• _Extracted records_:
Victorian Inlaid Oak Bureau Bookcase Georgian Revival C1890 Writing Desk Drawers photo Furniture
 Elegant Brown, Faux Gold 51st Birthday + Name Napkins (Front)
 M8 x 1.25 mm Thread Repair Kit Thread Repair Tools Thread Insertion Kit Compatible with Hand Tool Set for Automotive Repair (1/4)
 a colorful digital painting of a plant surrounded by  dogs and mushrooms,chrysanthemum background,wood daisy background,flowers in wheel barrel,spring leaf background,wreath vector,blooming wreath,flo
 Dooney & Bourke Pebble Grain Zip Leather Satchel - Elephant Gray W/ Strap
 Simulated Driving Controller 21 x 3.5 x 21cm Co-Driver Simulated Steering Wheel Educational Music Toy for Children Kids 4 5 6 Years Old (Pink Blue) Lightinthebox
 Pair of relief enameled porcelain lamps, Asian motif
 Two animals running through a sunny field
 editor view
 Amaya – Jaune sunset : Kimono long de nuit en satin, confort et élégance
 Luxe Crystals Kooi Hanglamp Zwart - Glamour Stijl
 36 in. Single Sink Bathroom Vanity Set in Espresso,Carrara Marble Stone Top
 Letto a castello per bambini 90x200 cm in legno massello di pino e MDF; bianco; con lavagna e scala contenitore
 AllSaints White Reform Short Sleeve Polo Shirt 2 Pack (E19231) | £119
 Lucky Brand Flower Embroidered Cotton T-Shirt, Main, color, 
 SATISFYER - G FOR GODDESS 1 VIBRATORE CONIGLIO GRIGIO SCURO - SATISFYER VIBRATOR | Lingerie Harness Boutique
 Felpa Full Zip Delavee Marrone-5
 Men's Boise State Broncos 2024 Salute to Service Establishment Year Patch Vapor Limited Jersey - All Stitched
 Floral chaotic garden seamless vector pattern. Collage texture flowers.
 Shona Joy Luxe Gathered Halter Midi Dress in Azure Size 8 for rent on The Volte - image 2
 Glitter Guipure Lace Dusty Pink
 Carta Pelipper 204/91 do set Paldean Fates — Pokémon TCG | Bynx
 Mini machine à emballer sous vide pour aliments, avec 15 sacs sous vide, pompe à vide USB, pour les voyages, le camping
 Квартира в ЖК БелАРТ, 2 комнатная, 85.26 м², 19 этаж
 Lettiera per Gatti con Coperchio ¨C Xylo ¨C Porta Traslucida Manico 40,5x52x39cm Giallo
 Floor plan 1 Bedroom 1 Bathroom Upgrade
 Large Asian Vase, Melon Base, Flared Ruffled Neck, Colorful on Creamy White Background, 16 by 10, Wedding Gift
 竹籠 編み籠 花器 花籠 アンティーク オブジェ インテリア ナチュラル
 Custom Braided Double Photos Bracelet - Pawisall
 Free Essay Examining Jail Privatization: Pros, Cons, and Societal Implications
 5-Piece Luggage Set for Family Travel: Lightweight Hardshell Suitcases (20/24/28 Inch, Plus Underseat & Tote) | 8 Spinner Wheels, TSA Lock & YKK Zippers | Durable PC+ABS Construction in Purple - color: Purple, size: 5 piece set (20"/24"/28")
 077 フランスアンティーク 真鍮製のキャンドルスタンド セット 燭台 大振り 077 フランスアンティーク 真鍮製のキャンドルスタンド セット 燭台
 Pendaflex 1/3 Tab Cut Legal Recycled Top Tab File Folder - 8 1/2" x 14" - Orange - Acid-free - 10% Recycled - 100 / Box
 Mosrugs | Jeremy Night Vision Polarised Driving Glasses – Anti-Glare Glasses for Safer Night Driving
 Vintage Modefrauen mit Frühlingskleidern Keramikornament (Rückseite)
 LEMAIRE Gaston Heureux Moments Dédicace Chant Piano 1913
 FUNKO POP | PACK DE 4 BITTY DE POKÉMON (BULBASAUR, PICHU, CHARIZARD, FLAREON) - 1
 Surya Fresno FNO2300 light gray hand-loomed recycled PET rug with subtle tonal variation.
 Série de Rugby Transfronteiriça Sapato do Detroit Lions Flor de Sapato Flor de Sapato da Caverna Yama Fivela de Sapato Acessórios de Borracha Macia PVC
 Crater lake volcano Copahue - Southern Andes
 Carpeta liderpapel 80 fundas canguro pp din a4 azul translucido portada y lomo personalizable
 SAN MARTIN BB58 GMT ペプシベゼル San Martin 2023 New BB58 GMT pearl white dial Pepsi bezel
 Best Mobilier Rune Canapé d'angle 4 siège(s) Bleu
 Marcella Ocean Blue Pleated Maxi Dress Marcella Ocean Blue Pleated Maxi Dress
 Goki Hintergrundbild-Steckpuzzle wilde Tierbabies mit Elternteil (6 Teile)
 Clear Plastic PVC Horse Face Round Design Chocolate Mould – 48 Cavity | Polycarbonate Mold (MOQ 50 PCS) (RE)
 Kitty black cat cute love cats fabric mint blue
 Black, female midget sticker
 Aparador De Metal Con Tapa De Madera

• _Your objective_: Each line of the material must be copied exactly.

• _Solution to this exercise_:
Victorian Inlaid Oak Bureau Bookcase Georgian Revival C1890 Writing Desk Drawers photo Furniture
 Elegant Brown, Faux Gold 51st Birthday + Name Napkins (Front)
 M8 x 1.25 mm Thread Repair Kit Thread Repair Tools Thread Insertion Kit Compatible with Hand Tool Set for Automotive Repair (1/4)
 a colorful digital painting of a plant surrounded by  dogs and mushrooms,chrysanthemum background,wood daisy background,flowers in wheel barrel,spring leaf background,wreath vector,blooming wreath,flo
 Dooney & Bourke Pebble Grain Zip Leather Satchel - Elephant Gray W/ Strap
 Simulated Driving Controller 21 x 3.5 x 21cm Co-Driver Simulated Steering Wheel Educational Music Toy for Children Kids 4 5 6 Years Old (Pink Blue) Lightinthebox
 Pair of relief enameled porcelain lamps, Asian motif
 Two animals running through a sunny field
 editor view
 Amaya – Jaune sunset : Kimono long de nuit en satin, confort et élégance
 Luxe Crystals Kooi Hanglamp Zwart - Glamour Stijl
 36 in. Single Sink Bathroom Vanity Set in Espresso,Carrara Marble Stone Top
 Letto a castello per bambini 90x200 cm in legno massello di pino e MDF; bianco; con lavagna e scala contenitore
 AllSaints White Reform Short Sleeve Polo Shirt 2 Pack (E19231) | £119
 Lucky Brand Flower Embroidered Cotton T-Shirt, Main, color, 
 SATISFYER - G FOR GODDESS 1 VIBRATORE CONIGLIO GRIGIO SCURO - SATISFYER VIBRATOR | Lingerie Harness Boutique
 Felpa Full Zip Delavee Marrone-5
 Men's Boise State Broncos 2024 Salute to Service Establishment Year Patch Vapor Limited Jersey - All Stitched
 Floral chaotic garden seamless vector pattern. Collage texture flowers.
 Shona Joy Luxe Gathered Halter Midi Dress in Azure Size 8 for rent on The Volte - image 2
 Glitter Guipure Lace Dusty Pink
 Carta Pelipper 204/91 do set Paldean Fates — Pokémon TCG | Bynx
 Mini machine à emballer sous vide pour aliments, avec 15 sacs sous vide, pompe à vide USB, pour les voyages, le camping
 Квартира в ЖК БелАРТ, 2 комнатная, 85.26 м², 19 этаж
 Lettiera per Gatti con Coperchio ¨C Xylo ¨C Porta Traslucida Manico 40,5x52x39cm Giallo
 Floor plan 1 Bedroom 1 Bathroom Upgrade
 Large Asian Vase, Melon Base, Flared Ruffled Neck, Colorful on Creamy White Background, 16 by 10, Wedding Gift
 竹籠 編み籠 花器 花籠 アンティーク オブジェ インテリア ナチュラル
 Custom Braided Double Photos Bracelet - Pawisall
 Free Essay Examining Jail Privatization: Pros, Cons, and Societal Implications
 5-Piece Luggage Set for Family Travel: Lightweight Hardshell Suitcases (20/24/28 Inch, Plus Underseat & Tote) | 8 Spinner Wheels, TSA Lock & YKK Zippers | Durable PC+ABS Construction in Purple - color: Purple, size: 5 piece set (20"/24"/28")
 077 フランスアンティーク 真鍮製のキャンドルスタンド セット 燭台 大振り 077 フランスアンティーク 真鍮製のキャンドルスタンド セット 燭台
 Pendaflex 1/3 Tab Cut Legal Recycled Top Tab File Folder - 8 1/2" x 14" - Orange - Acid-free - 10% Recycled - 100 / Box
 Mosrugs | Jeremy Night Vision Polarised Driving Glasses – Anti-Glare Glasses for Safer Night Driving
 Vintage Modefrauen mit Frühlingskleidern Keramikornament (Rückseite)
 LEMAIRE Gaston Heureux Moments Dédicace Chant Piano 1913
 FUNKO POP | PACK DE 4 BITTY DE POKÉMON (BULBASAUR, PICHU, CHARIZARD, FLAREON) - 1
 Surya Fresno FNO2300 light gray hand-loomed recycled PET rug with subtle tonal variation.
 Série de Rugby Transfronteiriça Sapato do Detroit Lions Flor de Sapato Flor de Sapato da Caverna Yama Fivela de Sapato Acessórios de Borracha Macia PVC
 Crater lake volcano Copahue - Southern Andes
 Carpeta liderpapel 80 fundas canguro pp din a4 azul translucido portada y lomo personalizable
 SAN MARTIN BB58 GMT ペプシベゼル San Martin 2023 New BB58 GMT pearl white dial Pepsi bezel
 Best Mobilier Rune Canapé d'angle 4 siège(s) Bleu
 Marcella Ocean Blue Pleated Maxi Dress Marcella Ocean Blue Pleated Maxi Dress
 Goki Hintergrundbild-Steckpuzzle wilde Tierbabies mit Elternteil (6 Teile)
 Clear Plastic PVC Horse Face Round Design Chocolate Mould – 48 Cavity | Polycarbonate Mold (MOQ 50 PCS) (RE)
 Kitty black cat cute love cats fabric mint blue
 Black, female midget sticker
 Aparador De Metal Con Tapa De Madera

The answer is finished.